We believe in the value of joint collaboration and SDGs are the result of this.  

Please outline the plans your organization has for being committed to the achievement of the Sustainable Development Goals (SDGs) in response to COVID-19

At O Trade we see COVID as a real-life test to work in social management.  COVID is a call to collaboration and understanding that the well-being of others depends on each of us.  This reflects in how the private sector approached community engagement and understood the social dynamics of communities.  

COVID, in the short term, is limiting our ability to travel and serve communities directly.  This limitation has opened space to build new partnerships with organizations that have supported us in the past, and today we are building mechanisms in which O Trade can continue to conduct root cause analysis, assessments, and, from here, design solutions.  Although sadly the O Trade team cannot implement on-the-ground due to travel restrictions, we are now focused on working with communities through engaged partners who are geographically positioned for providing on-the-ground support.

COVID in the long term has helped us to reevaluate how our approach to conflict-free environments can be imbedded in all the programs we designed for the private sector.  Our thinking is extending in terms of benefiting society with our knowledge.  Transparency and collaboration are now key areas to build new solutions – transparency in reporting and collaboration in implementing solutions.  This led to new partnerships; as mentioned before, we are expanding our network of colleagues and revisiting mechanisms to contribute from here in Canada.  

The following examples outline O Trade’s work in defining and implementing COVID-related solutions.  

This year we have been actively involved in addressing challenges that COVID wrought on Ecuadorian Indigenous communities, including the definition and implementation of company-specific approaches required for safe operational readiness.  The intent was to ensure safe collaborative reopening of facilities, based on the mutual support of the local communities and governments.  In the case of Indigenous Ecuadorian communities, O Trade started a very significant communication campaign in early February through Radio Kiruba, a Shuar Indigenous radio station reaching an estimated audience of 50,000 persons across the Ecuadorian and Peruvian Amazonia.  Messaging was bilingual, in Shuar and Spanish, facilitating regional people to learn how to mitigate COVID-related risks through preventative measures.  The communication program was extended to the distribution of food, with over 800 tons of food distributed across 1,200 families, thereby allowing people to remain home with the ability to feed families amidst the crisis.  This was especially important given that Ecuador’s government imposed strict restrictions on mobility during the lock-down period.  
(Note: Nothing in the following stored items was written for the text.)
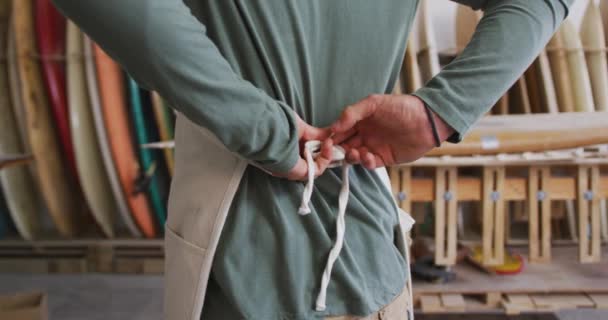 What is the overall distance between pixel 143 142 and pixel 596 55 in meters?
2.11

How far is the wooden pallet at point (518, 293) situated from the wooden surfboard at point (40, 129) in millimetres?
1799

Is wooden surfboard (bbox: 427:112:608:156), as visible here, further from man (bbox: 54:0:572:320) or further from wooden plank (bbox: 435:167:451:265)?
man (bbox: 54:0:572:320)

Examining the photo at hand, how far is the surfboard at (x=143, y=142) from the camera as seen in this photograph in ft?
7.35

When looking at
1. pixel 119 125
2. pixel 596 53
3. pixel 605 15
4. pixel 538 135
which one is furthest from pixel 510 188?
pixel 119 125

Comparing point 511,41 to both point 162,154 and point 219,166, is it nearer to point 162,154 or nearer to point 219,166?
point 219,166

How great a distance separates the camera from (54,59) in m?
2.30

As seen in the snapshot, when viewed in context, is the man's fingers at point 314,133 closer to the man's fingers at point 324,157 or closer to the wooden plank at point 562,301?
the man's fingers at point 324,157

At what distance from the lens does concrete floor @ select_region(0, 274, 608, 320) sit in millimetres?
1930

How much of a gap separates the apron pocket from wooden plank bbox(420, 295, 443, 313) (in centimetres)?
149

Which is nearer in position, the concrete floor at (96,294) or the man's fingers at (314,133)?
the man's fingers at (314,133)

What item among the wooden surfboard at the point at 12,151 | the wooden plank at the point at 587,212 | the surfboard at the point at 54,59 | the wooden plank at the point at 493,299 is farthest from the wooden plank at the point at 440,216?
the wooden surfboard at the point at 12,151

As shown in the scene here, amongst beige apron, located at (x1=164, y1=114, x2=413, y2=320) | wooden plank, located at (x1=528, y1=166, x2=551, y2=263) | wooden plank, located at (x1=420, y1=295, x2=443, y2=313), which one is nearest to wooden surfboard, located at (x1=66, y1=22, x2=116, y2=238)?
wooden plank, located at (x1=420, y1=295, x2=443, y2=313)

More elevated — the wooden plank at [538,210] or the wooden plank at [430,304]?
the wooden plank at [538,210]

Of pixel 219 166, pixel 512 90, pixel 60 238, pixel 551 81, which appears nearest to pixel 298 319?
pixel 219 166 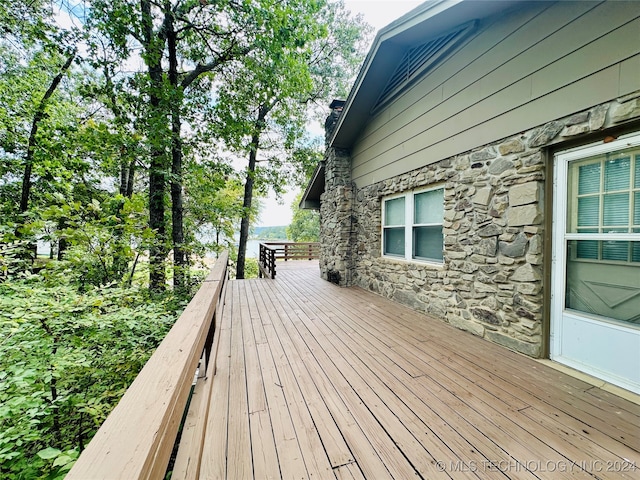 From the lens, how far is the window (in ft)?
13.5

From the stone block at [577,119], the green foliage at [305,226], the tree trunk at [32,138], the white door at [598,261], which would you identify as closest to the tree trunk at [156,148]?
the tree trunk at [32,138]

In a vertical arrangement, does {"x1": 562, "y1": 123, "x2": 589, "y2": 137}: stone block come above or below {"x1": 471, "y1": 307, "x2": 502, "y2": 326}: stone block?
above

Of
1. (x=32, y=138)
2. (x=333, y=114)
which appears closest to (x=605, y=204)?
(x=333, y=114)

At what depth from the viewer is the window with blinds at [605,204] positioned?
213 centimetres

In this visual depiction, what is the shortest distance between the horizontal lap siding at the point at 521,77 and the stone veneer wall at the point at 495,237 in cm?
16

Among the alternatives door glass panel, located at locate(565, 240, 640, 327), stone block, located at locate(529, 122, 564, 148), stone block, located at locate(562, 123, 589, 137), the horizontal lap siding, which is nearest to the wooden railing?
the horizontal lap siding

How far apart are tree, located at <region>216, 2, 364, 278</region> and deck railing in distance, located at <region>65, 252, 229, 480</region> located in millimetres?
6329

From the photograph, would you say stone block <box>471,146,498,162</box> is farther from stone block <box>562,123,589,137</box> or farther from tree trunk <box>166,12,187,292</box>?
tree trunk <box>166,12,187,292</box>

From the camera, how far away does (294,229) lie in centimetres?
2136

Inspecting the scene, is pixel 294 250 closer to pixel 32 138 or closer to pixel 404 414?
pixel 32 138

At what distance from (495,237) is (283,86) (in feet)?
19.1

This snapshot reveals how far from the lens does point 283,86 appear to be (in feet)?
21.2

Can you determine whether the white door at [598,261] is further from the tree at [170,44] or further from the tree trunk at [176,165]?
the tree trunk at [176,165]

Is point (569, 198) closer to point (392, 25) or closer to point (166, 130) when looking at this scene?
point (392, 25)
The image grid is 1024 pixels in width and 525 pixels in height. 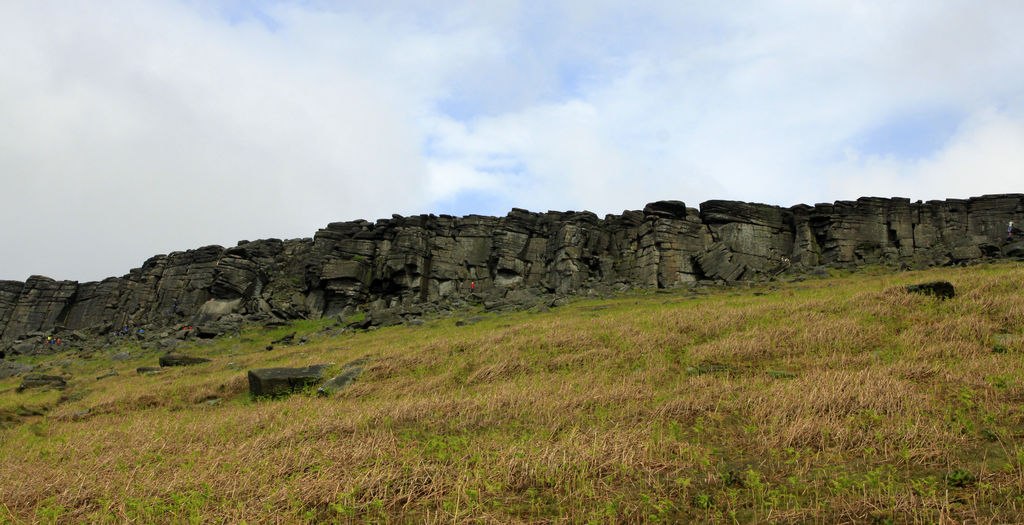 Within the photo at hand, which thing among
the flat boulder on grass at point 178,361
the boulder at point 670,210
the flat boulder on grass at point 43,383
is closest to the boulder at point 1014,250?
the boulder at point 670,210

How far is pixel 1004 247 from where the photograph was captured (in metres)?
39.7

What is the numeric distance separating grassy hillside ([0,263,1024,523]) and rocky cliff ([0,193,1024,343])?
32.4 metres

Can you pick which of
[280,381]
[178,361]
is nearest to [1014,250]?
[280,381]

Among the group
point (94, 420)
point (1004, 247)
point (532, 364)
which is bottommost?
point (94, 420)

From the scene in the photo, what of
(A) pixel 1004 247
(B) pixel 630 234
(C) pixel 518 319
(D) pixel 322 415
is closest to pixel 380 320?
(C) pixel 518 319

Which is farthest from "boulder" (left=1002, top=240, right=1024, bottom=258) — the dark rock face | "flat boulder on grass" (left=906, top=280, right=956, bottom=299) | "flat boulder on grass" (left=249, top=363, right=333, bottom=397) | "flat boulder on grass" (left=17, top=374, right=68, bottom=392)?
the dark rock face

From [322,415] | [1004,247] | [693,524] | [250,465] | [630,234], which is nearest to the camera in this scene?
[693,524]

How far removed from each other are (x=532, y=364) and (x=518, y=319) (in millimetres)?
18414

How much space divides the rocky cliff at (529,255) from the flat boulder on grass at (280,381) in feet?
98.7

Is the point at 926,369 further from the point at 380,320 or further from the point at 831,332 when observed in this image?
the point at 380,320

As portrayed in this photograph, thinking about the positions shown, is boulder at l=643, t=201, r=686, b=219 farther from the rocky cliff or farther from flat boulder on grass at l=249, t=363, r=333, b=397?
flat boulder on grass at l=249, t=363, r=333, b=397

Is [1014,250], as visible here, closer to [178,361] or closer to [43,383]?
[178,361]

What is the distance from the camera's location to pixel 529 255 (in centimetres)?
5872

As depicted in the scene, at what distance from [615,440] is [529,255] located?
164 ft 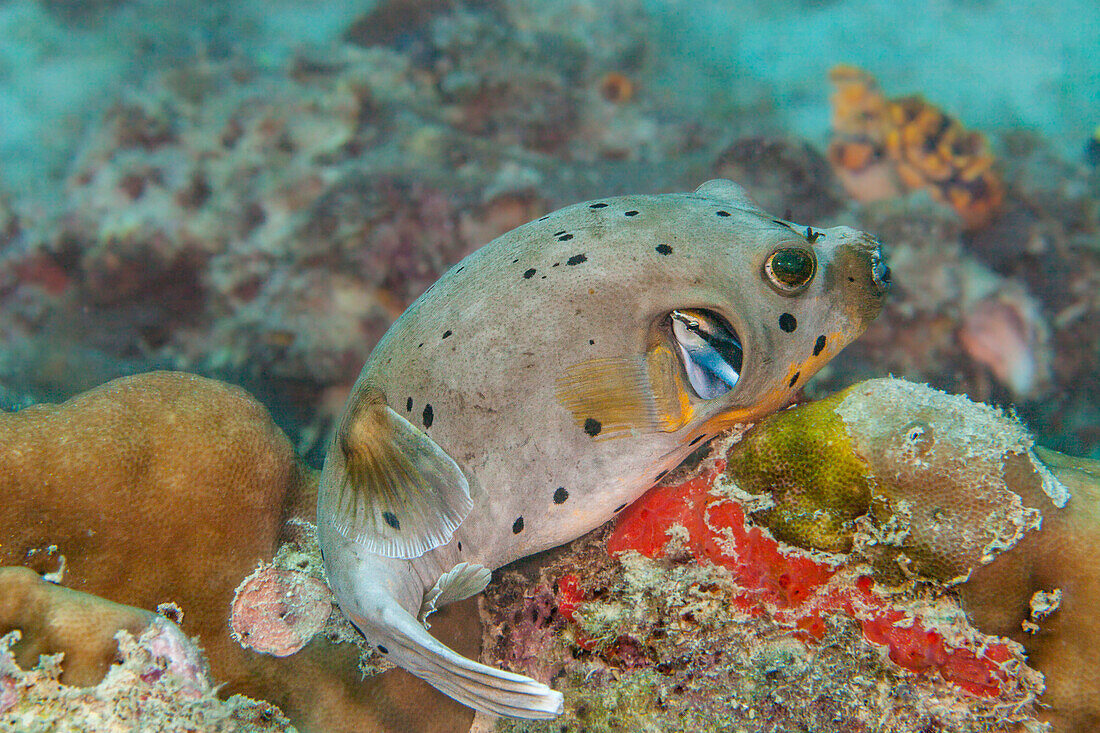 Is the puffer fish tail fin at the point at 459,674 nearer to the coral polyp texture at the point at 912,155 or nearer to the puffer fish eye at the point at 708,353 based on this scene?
the puffer fish eye at the point at 708,353

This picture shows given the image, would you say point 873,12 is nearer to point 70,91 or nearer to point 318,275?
point 318,275

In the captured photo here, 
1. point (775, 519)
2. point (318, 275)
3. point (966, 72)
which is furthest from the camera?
point (966, 72)

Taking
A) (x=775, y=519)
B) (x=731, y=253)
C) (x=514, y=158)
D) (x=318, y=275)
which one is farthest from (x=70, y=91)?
(x=775, y=519)

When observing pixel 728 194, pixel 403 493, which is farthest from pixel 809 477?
pixel 403 493

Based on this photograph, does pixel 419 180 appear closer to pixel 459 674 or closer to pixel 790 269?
pixel 790 269

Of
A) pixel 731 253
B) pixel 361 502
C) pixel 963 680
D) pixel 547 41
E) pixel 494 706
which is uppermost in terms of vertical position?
pixel 547 41

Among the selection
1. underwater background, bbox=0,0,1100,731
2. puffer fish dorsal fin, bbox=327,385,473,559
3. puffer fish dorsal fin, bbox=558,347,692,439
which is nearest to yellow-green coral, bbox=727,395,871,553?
puffer fish dorsal fin, bbox=558,347,692,439

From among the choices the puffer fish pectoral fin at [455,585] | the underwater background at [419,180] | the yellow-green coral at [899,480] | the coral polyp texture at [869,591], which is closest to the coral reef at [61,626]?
the puffer fish pectoral fin at [455,585] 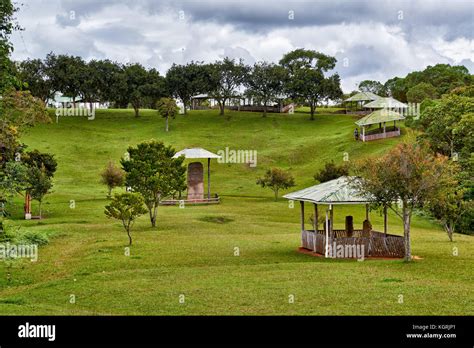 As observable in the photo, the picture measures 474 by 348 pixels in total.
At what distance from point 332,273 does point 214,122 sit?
7884 centimetres

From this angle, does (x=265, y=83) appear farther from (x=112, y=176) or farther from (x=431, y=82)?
(x=112, y=176)

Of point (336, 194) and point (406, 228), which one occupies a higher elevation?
point (336, 194)

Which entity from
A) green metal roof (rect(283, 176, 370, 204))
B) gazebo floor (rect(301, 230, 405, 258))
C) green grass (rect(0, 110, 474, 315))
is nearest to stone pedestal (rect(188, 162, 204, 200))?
green grass (rect(0, 110, 474, 315))

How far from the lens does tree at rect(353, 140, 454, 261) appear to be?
25703 millimetres

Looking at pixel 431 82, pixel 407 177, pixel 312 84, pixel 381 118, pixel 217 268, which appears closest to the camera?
pixel 217 268

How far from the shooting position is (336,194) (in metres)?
29.9

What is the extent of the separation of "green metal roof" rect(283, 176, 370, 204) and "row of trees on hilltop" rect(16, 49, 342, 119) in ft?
241

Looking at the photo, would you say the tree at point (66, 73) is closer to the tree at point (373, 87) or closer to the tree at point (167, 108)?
the tree at point (167, 108)

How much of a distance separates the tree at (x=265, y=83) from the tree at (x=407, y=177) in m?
81.3

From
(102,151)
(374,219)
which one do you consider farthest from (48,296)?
(102,151)

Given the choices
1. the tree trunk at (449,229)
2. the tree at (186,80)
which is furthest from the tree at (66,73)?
the tree trunk at (449,229)

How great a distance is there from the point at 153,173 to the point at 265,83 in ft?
225

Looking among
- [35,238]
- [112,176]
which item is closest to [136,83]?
[112,176]

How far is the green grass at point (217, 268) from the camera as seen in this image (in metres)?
17.9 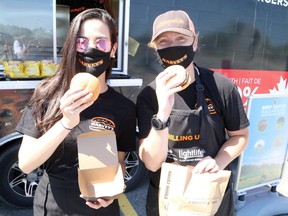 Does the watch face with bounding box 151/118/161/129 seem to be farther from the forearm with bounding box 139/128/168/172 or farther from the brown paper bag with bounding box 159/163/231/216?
the brown paper bag with bounding box 159/163/231/216

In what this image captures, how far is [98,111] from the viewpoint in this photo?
1.44 m

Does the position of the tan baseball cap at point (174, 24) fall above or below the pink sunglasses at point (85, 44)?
above

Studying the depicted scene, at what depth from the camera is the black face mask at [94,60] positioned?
4.63 feet

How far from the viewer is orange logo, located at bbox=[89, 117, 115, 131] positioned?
1.41 meters

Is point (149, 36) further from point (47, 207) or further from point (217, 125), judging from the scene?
point (47, 207)

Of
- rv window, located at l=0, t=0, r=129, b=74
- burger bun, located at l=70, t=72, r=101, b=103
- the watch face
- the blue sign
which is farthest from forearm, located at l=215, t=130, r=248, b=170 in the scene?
rv window, located at l=0, t=0, r=129, b=74

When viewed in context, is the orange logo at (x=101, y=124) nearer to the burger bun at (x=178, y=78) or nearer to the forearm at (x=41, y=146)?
the forearm at (x=41, y=146)

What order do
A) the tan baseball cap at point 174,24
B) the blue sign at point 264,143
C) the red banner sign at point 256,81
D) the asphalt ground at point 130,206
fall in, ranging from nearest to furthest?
the tan baseball cap at point 174,24 < the blue sign at point 264,143 < the asphalt ground at point 130,206 < the red banner sign at point 256,81

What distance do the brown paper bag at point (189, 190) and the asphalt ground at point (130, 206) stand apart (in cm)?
205

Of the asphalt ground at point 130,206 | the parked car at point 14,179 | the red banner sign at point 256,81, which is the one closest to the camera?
the parked car at point 14,179

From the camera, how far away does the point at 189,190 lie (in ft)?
4.16

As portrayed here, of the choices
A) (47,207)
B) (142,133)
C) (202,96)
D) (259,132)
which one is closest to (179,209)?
(142,133)

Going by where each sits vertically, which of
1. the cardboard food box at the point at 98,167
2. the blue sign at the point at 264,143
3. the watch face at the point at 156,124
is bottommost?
the blue sign at the point at 264,143

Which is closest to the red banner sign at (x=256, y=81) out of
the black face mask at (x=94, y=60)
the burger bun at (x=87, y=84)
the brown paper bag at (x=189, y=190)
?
the black face mask at (x=94, y=60) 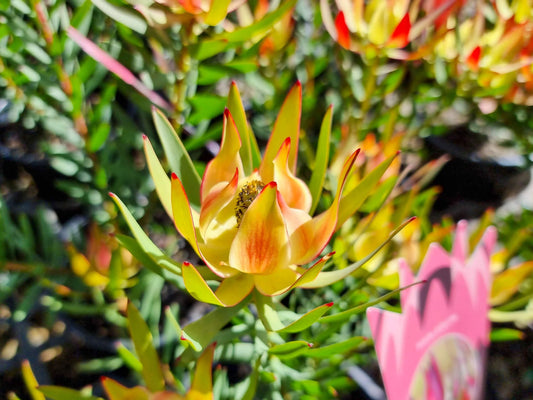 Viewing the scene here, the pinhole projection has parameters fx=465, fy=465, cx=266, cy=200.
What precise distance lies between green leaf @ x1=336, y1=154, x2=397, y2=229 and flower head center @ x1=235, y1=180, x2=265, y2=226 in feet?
0.22

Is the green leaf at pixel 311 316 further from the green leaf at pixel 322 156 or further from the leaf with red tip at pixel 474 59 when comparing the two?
the leaf with red tip at pixel 474 59

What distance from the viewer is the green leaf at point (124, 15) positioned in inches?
13.9

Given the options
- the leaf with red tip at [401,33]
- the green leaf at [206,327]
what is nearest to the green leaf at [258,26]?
the leaf with red tip at [401,33]

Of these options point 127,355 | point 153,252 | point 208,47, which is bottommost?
point 127,355

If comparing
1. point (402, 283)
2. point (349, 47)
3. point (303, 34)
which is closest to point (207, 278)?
point (402, 283)

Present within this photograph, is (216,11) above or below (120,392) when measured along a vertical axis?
above

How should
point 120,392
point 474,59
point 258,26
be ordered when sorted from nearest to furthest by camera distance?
point 120,392, point 258,26, point 474,59

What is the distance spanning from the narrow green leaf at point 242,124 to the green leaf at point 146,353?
0.14 metres

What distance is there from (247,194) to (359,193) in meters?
0.09

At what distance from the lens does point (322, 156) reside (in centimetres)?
35

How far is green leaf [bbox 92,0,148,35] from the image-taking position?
35 centimetres

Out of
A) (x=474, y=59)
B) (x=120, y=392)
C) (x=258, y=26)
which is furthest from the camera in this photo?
(x=474, y=59)

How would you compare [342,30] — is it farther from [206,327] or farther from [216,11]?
[206,327]

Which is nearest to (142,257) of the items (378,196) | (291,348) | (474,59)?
(291,348) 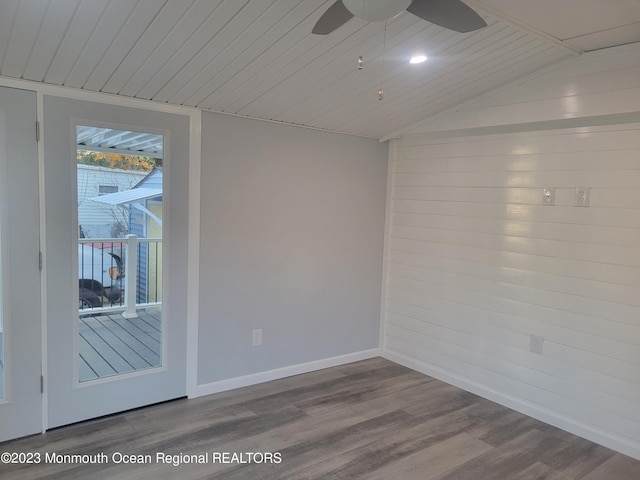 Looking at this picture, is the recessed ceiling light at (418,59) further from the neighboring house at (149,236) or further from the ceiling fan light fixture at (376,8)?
the neighboring house at (149,236)

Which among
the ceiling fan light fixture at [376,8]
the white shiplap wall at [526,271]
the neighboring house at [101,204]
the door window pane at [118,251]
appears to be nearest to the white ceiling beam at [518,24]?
the white shiplap wall at [526,271]

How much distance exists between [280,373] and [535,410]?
1.99m

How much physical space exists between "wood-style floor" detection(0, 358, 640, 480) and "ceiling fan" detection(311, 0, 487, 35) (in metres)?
2.29

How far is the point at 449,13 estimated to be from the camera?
1723 millimetres

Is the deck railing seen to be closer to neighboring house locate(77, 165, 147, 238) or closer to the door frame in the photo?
neighboring house locate(77, 165, 147, 238)

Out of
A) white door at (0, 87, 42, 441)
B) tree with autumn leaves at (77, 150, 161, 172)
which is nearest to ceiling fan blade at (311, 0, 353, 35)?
tree with autumn leaves at (77, 150, 161, 172)

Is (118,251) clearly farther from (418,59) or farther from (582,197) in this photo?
(582,197)

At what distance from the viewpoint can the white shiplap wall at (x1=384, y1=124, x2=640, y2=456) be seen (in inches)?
109

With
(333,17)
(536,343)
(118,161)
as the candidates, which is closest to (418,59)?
(333,17)

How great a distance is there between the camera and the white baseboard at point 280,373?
11.0ft

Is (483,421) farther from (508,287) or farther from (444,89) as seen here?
(444,89)

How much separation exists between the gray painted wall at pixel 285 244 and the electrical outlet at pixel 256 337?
37 mm

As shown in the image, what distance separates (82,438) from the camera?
2662mm

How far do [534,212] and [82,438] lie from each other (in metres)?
3.37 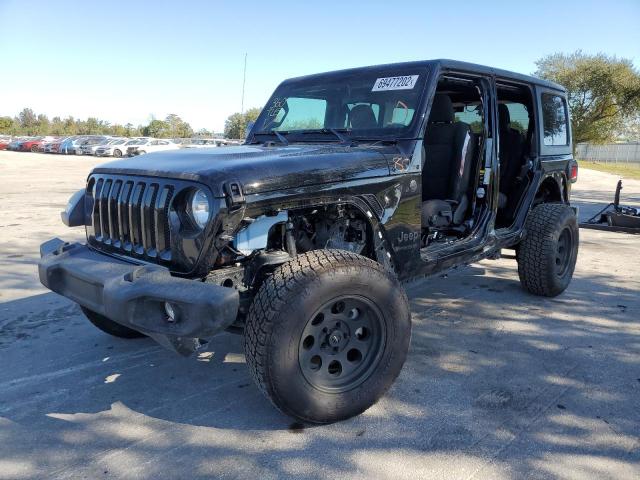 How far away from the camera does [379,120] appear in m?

For company operations, O Trade drafted COVID protocols for our clients in Ecuador and Mexico, and defined safety measures that minimized health risks to employees and to surrounding communities.  The protocols were developed collaboratively with medical teams, experts in HSE and exploration, resulting in effective approaches to mitigate risk while allowing exploration teams to continue their work of sampling with the assistance of local workers, who passed strict examinations prior to being transported to field-work.  

All of our above efforts resulted in minimizing the risk of COVID spreading in Ecuador, where regional cases were contained to no more than 20, most of whom were military personnel.  The small number of cases allowed local health authorities to act on traceability, managing the risk.  Organization and collaboration were key to controlling the pandemic, and transparency in informing the Indigenous communities was key in driving behaviors that were necessary to minimize spread.  In Mexico, no COVID cases have been reported from teams working in the field on our projects, given that full control starts with the company.  

Our work always looks to integrate operational efficiency with social development, and COVID has been the best of tests to prove our approach.